PARIS - Ce n’est peut-être pas ce qu’aimerait voir "le public" qui se presse en nombre au Musée Carnavalet (mais qui sait ?), alors on lui a donné de la joliesse, de la nostalgie, de la pacotille, du en-veux-tu-en-voilà, du baiser avec de l’Hôtel de Ville en supplément, et du parisianophilisme dont Doisneau se contrefichait.
Il est vrai que cette exposition a été concoctée à Oxford (1992), le dernier endroit où Doisneau pourrait s’attendre à être bien compris. Il est vrai aussi que trop de livres approximatifs au cours de ces dix dernières années ont gâté le personnage, qui ne méritait pas cela, comme un filon trop exploitable. Avec ses 325 000 négatifs (une quantité normale pour un tel photographe), Doisneau a constitué une réserve d’images sur des années-nostalgie (1945-1970) dont il n’est pas question de priver "son public", mais cela passe-t-il par la mégalomanie, par l’hagiographie, par l’apologie, par les trompettes et les couronnes (et je n’ose évoquer les produits dérivés) ?
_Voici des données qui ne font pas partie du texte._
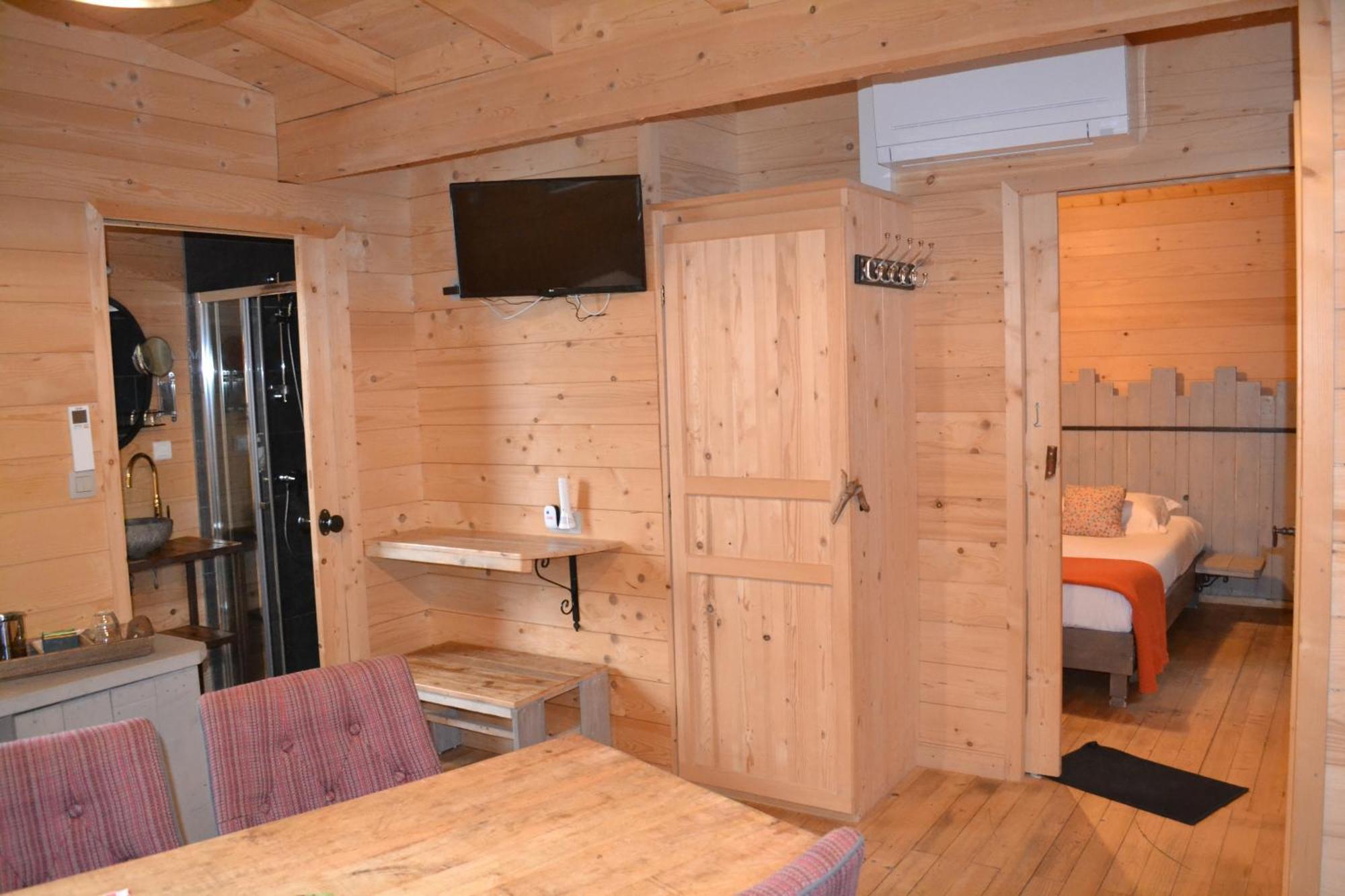 Les Cabanes Dans Les Bois Logis Hotel Villedubert Экстерьер фото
La grâce d’un appel de hall de gare
Il en résulte plus de 400 photographies, placées sur deux rangs, au grand dam du gentil public pour lequel le rang supérieur se trouve exclu de la contemplation iconique. Tout est arrangé pour faire de Doisneau un personnage de légende, un titi qui vous veut du bien, un compère de bar attentif à vos plaintes. De là, tous ces sujets bien de chez nous qui encombrent les cimaises : Doisneau photographe des enfants, photographe des chiens, photographe des concierges, photographe des jeunes filles en fleur, des poivrots éternels, des mariés d’un jour et de la banlieue.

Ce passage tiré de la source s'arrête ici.